Review: The Longest Night by Laurel Snyder

longest night

The Longest Night: A Passover Story by Laurel Snyder, illustrated by Catia Chien

This Passover picture book tells the story of the Exodus from the point of view of a young slave girl.  Readers first get a sense of the harsh environment and difficult lives of the Jewish people: the heat, the hard labor, the slavery.  Then come the plagues, one after another.  Finally there is the Exodus itself, the thrill and fear of fleeing in the darkness.  And finally, the miracle of the sea splitting in two, giving them safe passage away from Egypt. 

Written in rhyme, Snyder has created a book filled with rhythm and a story that moves swiftly along through the different parts of the Exodus.  Her choice of telling the story from the point of view of a child makes the story all the more personal and dramatic. 

Chien’s illustrations are just as dramatic with their deep color palette.  Especially moving are the natural moments, when the little girl finds openness and freedom in the world around her, though she can’t find it personally.  At these moments, the sky is huge and beautiful, but quickly the grit and sand return. 

A powerful and lovely exploration of the Old Testament tale of the Exodus given a fresh and personal aspect.  Appropriate for ages 5-7.

Reviewed from copy received from Schwartz & Wade.

Review: Lucky Ducklings by Eva Moore

lucky ducklings

Lucky Ducklings by Eva Moore, illustrated by Nancy Carpenter

Based on a true story, this book follows the walk of a mother duck and her small ducklings.  They follow her out of the pond, through the grass of the park, and into town.  They ate a bite from the overflowing garbage can and then headed off the curb and over a storm drain.  But while Mama Duck made it over the grate with no problems, her ducklings fell through one by one.  It could have been a sad ending to the story, but it wasn’t!  The people who saw it happened called for help.  It took firemen and someone with a winch on their truck to save all of the ducklings. 
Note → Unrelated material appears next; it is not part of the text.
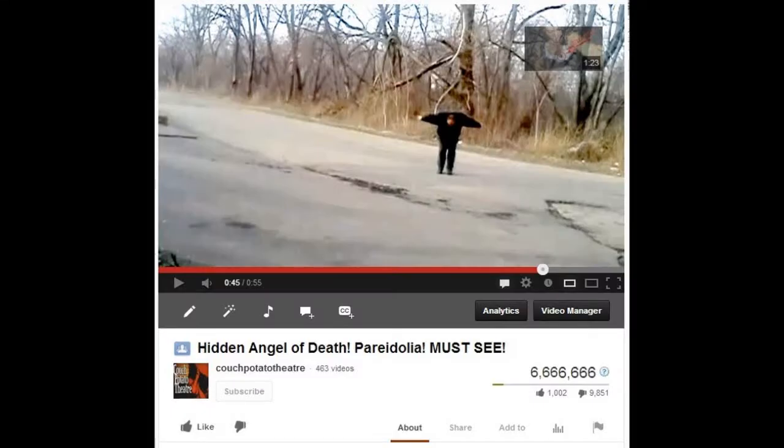Hello, everyone. BDM of Couch Potato Theater with an interesting tutorial on pareidolia, optical illusion, and real and fake paranormal activity videos on YouTube.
Moore has created a story that has a real appeal.  It is the story of tiny ducklings that at first seems very sweet, then takes a very dangerous turn.  Throughout, she tells the readers that that could have been the end of the story, but it wasn’t.  Using this device, she creates both drama and also the assurance that thing will be alright in the end.  Her writing has repetition that makes it perfect for very young children.  The environmental message is subtle but profound.

Carpenter’s ducks seem to be drawn with a nod to McCloskey’s Make Way for Ducklings.  The book feels vintage with the small town coming together to save this small family of ducks.  Carpenter celebrates both the natural setting and also the people themselves.  Her use of separated images that form one larger image to name the little ducklings works particularly well. 

Ideal for a duckling story time and perfect for spring, read this one alongside Make Way for Ducklings.  Appropriate for ages 3-5.

Reviewed from copy received from Orchard Books.